The majority of the Supreme Court thought very differently, in what is a surprisingly pro-environment decision that departs significantly from customary UK EIA practice that third party emissions beyond the developer's control need not be included. The implications are - at the least - that future environmental statements submitted for planning applications will need to lay bare to public scrutiny the full emissions that flow as a consequence of fossil fuel extraction over the expected lifetime of the project, to the extent they can be reasonably estimated. When evaluating the scale of the resulting climate impact, it is hard to see how it will be possible for developers to mitigate it sufficiently (as here), and hence puts in question their ability to secure permission. As well as onshore oil and gas, the decision is highly relevant for developers of coal projects. The judgment poses a watershed question for the incoming Government on 5th July of whether to nail their environmental colours to the mast and propose amendments to EIA rules to negate the effect of the decision.

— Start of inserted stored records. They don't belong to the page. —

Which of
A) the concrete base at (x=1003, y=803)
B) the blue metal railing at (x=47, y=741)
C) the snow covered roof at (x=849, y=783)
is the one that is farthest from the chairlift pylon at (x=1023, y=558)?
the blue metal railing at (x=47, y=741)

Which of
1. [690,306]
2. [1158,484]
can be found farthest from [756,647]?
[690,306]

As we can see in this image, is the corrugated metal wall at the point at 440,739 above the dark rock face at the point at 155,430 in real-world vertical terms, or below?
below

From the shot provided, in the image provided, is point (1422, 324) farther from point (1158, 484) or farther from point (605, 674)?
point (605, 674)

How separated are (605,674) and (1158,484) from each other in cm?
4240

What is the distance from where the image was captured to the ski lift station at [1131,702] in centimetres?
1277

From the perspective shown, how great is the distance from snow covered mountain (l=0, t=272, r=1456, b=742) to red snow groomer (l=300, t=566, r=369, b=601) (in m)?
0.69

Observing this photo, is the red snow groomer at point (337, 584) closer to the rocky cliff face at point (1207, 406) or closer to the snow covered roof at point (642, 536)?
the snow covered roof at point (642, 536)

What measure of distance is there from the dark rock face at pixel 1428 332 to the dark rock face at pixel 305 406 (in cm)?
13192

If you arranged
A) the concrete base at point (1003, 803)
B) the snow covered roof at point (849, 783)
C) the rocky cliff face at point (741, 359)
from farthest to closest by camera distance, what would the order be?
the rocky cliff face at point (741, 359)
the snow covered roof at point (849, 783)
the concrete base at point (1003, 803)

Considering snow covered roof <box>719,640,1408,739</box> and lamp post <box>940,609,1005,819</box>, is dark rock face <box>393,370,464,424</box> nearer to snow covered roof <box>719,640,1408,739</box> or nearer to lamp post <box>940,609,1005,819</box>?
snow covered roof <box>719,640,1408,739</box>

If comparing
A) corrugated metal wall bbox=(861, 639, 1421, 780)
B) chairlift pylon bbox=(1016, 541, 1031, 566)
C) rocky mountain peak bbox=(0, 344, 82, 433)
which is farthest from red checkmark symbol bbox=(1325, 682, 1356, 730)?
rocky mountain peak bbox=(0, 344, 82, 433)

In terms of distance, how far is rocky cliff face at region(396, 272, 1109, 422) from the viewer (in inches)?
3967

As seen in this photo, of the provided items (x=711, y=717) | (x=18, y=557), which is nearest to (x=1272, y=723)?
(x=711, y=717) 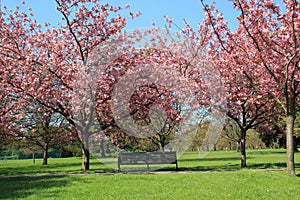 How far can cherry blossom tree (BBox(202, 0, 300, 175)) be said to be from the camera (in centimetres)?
1112

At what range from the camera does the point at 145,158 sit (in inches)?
596

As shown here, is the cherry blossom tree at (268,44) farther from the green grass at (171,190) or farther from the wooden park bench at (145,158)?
the wooden park bench at (145,158)

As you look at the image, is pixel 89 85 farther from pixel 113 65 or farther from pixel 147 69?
pixel 147 69

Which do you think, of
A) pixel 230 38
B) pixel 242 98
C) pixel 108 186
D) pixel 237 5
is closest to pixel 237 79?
→ pixel 242 98

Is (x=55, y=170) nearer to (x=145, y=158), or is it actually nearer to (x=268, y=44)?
(x=145, y=158)

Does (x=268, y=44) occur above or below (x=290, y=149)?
above

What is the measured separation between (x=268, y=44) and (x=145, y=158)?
7230 mm

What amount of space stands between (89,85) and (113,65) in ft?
5.35

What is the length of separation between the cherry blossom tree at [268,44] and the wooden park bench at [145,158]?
5.19m

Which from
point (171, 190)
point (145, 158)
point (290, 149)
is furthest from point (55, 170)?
point (290, 149)

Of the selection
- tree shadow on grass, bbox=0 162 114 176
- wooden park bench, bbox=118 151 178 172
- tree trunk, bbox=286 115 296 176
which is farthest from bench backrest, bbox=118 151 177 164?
tree trunk, bbox=286 115 296 176

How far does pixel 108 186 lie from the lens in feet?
29.7

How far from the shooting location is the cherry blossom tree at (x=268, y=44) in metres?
11.1

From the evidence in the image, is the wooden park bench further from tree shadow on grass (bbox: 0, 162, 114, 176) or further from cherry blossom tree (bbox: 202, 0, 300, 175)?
cherry blossom tree (bbox: 202, 0, 300, 175) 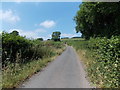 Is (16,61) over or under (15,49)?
under

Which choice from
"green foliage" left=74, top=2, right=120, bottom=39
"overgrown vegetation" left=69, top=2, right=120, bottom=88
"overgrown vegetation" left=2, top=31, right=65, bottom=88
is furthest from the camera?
"green foliage" left=74, top=2, right=120, bottom=39

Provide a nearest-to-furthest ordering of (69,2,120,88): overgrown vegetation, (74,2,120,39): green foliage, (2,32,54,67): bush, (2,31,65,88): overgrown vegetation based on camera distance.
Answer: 1. (69,2,120,88): overgrown vegetation
2. (2,31,65,88): overgrown vegetation
3. (2,32,54,67): bush
4. (74,2,120,39): green foliage

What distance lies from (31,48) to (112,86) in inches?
424

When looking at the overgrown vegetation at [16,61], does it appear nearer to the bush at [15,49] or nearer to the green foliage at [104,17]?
the bush at [15,49]

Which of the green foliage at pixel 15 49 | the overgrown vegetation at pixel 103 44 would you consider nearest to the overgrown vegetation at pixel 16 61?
the green foliage at pixel 15 49

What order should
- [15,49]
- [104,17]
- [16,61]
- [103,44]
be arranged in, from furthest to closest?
1. [104,17]
2. [15,49]
3. [16,61]
4. [103,44]

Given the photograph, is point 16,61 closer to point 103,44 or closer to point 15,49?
point 15,49

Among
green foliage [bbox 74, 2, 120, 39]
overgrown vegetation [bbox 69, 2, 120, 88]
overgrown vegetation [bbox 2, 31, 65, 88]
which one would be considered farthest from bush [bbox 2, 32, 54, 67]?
green foliage [bbox 74, 2, 120, 39]

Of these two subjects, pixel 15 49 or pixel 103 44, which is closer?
pixel 103 44

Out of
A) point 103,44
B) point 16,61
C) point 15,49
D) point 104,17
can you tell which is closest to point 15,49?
point 15,49

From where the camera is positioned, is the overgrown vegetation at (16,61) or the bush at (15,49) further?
the bush at (15,49)

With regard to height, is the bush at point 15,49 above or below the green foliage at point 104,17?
below

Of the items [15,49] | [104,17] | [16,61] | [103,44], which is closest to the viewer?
[103,44]

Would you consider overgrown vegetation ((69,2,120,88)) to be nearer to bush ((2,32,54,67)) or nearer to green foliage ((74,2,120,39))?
green foliage ((74,2,120,39)) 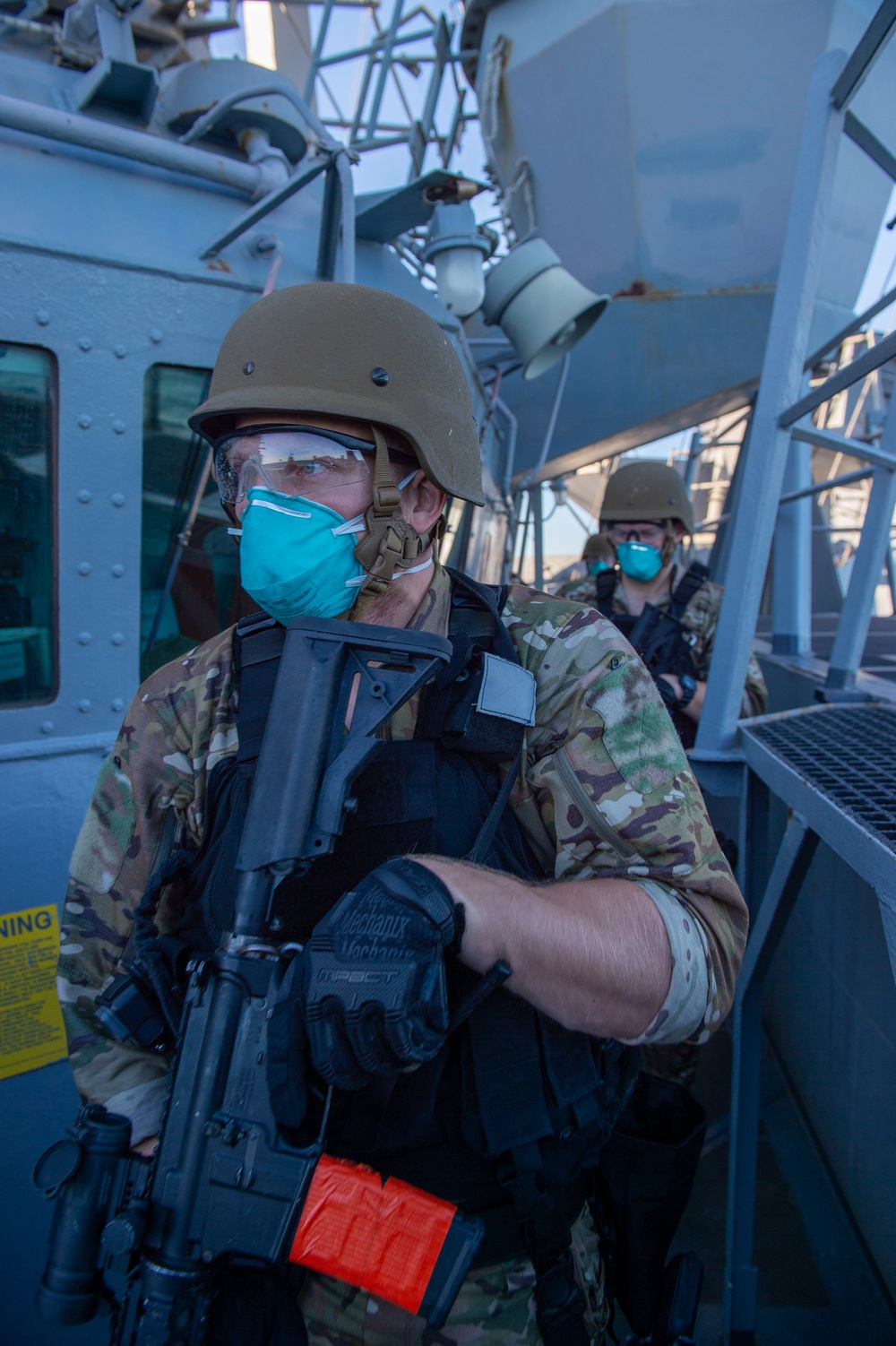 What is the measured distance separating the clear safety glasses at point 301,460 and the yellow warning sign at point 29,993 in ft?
4.22

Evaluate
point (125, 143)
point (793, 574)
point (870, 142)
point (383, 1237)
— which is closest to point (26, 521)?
point (125, 143)

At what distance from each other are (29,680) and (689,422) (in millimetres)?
5064

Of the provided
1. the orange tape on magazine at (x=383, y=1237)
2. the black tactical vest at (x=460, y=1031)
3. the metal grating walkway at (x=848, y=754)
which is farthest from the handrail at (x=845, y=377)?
the orange tape on magazine at (x=383, y=1237)

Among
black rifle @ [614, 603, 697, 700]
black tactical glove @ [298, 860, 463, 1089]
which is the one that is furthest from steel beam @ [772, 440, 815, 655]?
black tactical glove @ [298, 860, 463, 1089]

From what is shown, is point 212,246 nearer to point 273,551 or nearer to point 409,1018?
point 273,551

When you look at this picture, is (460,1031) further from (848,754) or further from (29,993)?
(848,754)

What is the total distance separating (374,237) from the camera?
2.63m

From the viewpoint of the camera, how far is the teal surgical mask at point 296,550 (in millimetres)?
1285

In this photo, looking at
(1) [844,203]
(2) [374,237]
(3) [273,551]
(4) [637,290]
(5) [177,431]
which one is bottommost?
(3) [273,551]

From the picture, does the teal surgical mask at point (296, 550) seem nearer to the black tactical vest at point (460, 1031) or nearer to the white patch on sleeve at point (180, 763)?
the black tactical vest at point (460, 1031)

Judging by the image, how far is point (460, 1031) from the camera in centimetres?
125

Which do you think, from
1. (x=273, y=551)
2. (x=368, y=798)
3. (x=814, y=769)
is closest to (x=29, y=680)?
(x=273, y=551)

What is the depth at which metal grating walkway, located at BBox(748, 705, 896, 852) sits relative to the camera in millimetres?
1709

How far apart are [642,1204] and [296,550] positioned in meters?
1.25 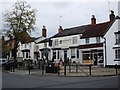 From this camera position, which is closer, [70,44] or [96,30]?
[96,30]

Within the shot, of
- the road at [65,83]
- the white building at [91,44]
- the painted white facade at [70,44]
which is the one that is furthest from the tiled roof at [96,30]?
the road at [65,83]

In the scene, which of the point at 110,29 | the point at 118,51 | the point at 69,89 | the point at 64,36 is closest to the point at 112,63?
the point at 118,51

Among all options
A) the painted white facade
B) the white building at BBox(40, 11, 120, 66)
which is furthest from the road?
the painted white facade

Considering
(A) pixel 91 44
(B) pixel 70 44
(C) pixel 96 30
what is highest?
(C) pixel 96 30

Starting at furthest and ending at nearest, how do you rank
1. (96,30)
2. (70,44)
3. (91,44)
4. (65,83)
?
(70,44)
(96,30)
(91,44)
(65,83)

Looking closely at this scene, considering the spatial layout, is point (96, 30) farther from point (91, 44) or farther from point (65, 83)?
point (65, 83)

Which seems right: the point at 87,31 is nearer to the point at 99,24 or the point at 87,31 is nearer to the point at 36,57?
the point at 99,24

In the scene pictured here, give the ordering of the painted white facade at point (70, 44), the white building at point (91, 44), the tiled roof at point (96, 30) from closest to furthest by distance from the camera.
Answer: the white building at point (91, 44) → the tiled roof at point (96, 30) → the painted white facade at point (70, 44)

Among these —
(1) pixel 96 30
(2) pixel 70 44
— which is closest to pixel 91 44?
(1) pixel 96 30

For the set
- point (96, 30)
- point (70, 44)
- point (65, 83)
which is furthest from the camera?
point (70, 44)

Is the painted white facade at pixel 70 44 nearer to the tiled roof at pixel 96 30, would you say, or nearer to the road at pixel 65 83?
the tiled roof at pixel 96 30

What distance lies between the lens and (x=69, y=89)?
Answer: 15133 mm

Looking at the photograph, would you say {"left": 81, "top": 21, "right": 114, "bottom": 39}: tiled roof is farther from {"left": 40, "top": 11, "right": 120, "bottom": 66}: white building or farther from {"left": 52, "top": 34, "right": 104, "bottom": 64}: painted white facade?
{"left": 52, "top": 34, "right": 104, "bottom": 64}: painted white facade

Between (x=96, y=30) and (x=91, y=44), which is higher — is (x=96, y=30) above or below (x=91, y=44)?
above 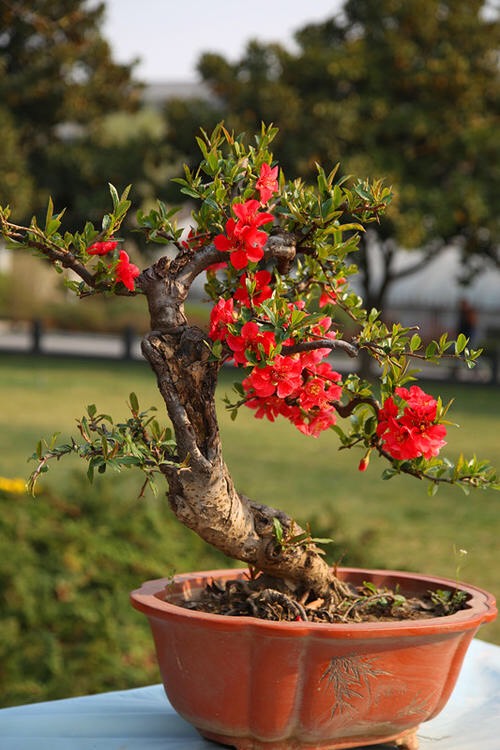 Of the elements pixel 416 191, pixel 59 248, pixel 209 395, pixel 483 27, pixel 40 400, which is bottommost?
pixel 40 400

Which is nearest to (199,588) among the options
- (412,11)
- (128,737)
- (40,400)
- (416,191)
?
(128,737)

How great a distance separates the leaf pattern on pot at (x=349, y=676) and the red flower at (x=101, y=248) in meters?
0.88

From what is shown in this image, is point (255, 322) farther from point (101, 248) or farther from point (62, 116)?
point (62, 116)

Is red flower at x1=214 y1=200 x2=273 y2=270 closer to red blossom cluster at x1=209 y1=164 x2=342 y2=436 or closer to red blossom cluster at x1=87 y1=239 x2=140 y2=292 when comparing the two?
red blossom cluster at x1=209 y1=164 x2=342 y2=436

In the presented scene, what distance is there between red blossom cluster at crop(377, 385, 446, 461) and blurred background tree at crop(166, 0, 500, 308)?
16.4m

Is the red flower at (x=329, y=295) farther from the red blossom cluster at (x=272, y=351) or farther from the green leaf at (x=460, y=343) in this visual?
the green leaf at (x=460, y=343)

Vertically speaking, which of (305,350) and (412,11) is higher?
(412,11)

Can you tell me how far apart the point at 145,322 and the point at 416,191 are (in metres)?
13.1

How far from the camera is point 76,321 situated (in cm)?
3078

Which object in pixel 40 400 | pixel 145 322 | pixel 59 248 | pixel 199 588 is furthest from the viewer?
pixel 145 322

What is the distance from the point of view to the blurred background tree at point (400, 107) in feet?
61.6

It is instructive to compare the amount of these emissions with the “direct” GHG emissions at the well site over the lifetime of the project which were included in the environmental statement. The estimated amount of the “direct” GHG emissions was 140,958 tonnes of CO2. As well as providing this figure, the developer calculated the proportion which this figure would represent of the total UK carbon budget. Based on this calculation, the environmental statement described the effects of the proposed development on climate as “negligible”. Had the combustion emissions been included in the assessment, the figure for GHG emissions attributable to the project would have been nearly two orders of magnitude greater and could not have been dismissed as “negligible” in that way.